The Falcons have a storied history as one of New Jersey’s best in the pool. They have won 22 state championships including 12 in a row from 1980-91, and they have featured stars such as Bobby Savulich, a 2005 graduate who swam at the University of Michigan and in the Olympic Trials.
The program recently went into a lull but is on the rise again, as St. Joe’s advanced to a state final for the first time in 13 years before falling to Pingry on Feb. 17 in the Non-Public North championship.
“We feel more confident and we’re feeling a lot better than we were. The team is definitely building up again,” said sophomore Braden Michaels, who took 10th place in the 100 backstroke at New Jersey’s Meet of Champions on March 1. “We see that, and that’s the first step to becoming that dominant force that we were years ago.”
Simply put, there’s been an infusion of talent combined with strong leadership under second-year head coach Chris Martin.

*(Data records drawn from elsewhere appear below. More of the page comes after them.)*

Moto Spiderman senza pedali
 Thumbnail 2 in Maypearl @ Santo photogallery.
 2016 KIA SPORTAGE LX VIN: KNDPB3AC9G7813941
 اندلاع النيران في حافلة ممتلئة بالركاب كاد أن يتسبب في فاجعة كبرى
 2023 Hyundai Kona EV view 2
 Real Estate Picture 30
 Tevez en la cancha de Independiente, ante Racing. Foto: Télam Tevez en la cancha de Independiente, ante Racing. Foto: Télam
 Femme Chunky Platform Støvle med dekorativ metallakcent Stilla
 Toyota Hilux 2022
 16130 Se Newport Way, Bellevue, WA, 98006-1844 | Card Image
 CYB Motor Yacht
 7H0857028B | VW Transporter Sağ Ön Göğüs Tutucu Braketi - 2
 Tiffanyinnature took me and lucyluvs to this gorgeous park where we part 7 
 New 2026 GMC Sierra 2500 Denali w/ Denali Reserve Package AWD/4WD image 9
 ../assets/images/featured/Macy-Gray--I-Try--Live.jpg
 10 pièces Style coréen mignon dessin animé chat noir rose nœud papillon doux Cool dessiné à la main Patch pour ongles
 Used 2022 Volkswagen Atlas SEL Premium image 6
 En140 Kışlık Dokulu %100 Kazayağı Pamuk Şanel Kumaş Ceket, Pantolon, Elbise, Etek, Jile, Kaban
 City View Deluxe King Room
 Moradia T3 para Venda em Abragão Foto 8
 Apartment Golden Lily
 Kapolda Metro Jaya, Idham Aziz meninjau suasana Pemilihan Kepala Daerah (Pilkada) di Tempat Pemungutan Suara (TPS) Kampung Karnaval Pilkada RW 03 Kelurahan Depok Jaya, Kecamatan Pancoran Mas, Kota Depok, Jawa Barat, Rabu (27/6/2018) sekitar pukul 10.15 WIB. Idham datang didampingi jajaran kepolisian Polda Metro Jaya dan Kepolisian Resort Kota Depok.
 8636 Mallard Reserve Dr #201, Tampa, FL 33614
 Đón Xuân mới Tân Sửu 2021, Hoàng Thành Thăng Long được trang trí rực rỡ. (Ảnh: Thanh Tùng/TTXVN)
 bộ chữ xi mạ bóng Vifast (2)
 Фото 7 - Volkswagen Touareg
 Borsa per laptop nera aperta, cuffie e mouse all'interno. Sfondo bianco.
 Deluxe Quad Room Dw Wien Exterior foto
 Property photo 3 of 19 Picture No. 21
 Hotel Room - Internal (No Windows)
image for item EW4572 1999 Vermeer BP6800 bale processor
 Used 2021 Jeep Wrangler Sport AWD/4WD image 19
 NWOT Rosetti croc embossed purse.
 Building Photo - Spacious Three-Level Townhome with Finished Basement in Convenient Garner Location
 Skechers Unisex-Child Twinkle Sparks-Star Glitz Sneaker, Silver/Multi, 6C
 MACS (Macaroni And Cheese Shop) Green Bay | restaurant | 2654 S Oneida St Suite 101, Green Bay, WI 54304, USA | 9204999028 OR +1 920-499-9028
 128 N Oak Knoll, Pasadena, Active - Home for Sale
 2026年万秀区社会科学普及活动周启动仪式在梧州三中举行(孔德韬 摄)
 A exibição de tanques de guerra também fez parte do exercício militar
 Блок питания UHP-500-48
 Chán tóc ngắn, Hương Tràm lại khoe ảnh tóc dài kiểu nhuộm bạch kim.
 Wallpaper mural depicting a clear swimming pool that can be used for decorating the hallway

Martin, a former swimmer at Toms River South and Rowan, has been at St. Joe’s for 17 years but was previously the athletic trainer. As he began teaching full-time and the team needed a new swimming coach, he jumped at the opportunity.
“I’ve only known him as my coach in high school because I just started last year, but he is a really big part of the team,” Michaels said. “He is the center of the team. He brings the team together. He makes sure everybody’s included, and we all make sure we’re all included. The team aspect is very, very nice. Everybody’s happy, everybody’s cheering for each other, everybody’s supportive. And we’re all kind of like a family.”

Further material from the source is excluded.